Web page caption snippets:
####################

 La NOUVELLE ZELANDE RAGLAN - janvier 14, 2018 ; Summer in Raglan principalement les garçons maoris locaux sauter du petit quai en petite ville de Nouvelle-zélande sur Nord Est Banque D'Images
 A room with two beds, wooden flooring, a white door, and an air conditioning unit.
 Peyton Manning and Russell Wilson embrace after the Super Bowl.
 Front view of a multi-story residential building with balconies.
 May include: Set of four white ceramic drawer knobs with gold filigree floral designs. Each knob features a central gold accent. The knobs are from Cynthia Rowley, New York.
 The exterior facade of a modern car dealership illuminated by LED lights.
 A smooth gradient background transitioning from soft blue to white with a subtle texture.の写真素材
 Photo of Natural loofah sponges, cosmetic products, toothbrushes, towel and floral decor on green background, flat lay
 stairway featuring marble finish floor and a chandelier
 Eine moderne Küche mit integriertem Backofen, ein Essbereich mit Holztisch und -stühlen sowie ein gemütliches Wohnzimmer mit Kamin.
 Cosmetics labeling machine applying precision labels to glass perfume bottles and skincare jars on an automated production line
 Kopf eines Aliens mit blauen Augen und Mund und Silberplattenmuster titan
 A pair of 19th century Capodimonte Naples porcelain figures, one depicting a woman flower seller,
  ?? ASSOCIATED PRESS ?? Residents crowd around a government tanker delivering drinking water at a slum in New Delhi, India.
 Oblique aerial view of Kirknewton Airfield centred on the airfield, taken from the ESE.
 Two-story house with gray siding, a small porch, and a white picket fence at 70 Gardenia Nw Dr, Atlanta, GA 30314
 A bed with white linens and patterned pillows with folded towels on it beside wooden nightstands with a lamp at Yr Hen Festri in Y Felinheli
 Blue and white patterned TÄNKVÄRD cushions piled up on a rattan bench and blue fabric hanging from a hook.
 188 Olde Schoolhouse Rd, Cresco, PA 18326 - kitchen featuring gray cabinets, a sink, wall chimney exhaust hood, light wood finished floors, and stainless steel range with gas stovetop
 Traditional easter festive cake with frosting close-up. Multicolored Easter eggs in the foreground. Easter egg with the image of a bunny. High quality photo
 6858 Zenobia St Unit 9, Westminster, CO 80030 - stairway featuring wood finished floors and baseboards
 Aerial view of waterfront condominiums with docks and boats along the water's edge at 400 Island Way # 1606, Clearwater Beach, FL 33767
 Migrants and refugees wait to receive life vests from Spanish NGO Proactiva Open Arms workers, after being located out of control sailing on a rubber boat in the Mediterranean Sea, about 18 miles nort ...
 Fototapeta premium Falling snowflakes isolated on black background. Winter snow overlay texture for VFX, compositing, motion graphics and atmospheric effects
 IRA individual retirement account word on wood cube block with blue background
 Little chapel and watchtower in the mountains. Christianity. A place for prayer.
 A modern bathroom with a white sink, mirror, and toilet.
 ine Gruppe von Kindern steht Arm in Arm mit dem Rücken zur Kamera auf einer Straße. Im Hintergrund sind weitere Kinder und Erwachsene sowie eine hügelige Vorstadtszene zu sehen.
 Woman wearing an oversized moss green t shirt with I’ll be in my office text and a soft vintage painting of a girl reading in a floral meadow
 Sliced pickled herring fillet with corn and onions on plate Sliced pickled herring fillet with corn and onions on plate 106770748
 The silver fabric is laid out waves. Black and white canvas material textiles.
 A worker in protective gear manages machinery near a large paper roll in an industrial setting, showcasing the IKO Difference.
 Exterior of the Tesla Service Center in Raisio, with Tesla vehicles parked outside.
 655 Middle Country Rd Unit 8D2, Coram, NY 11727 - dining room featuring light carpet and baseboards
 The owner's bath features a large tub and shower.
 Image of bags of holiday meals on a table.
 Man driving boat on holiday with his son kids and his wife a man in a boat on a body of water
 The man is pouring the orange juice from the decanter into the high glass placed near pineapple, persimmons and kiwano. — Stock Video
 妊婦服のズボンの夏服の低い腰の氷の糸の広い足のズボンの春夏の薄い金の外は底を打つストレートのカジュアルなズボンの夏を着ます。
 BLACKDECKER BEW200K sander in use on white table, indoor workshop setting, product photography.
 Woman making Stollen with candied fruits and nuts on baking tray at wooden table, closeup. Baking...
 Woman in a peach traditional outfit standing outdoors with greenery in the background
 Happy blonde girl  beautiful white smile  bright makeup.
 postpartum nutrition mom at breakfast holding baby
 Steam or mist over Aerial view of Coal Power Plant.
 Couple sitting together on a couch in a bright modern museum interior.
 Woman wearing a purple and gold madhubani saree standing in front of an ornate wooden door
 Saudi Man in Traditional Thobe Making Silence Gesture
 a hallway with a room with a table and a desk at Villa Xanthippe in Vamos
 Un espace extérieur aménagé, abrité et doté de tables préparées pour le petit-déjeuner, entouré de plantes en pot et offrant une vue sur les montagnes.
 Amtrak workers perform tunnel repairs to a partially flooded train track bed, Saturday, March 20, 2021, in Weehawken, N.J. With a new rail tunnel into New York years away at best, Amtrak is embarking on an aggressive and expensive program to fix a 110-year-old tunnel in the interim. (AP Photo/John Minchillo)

####################

→ Instructions to follow: Reproduce each line of the data containing the word "near".

→ Answer space:
 A worker in protective gear manages machinery near a large paper roll in an industrial setting, showcasing the IKO Difference.
 The man is pouring the orange juice from the decanter into the high glass placed near pineapple, persimmons and kiwano. — Stock Video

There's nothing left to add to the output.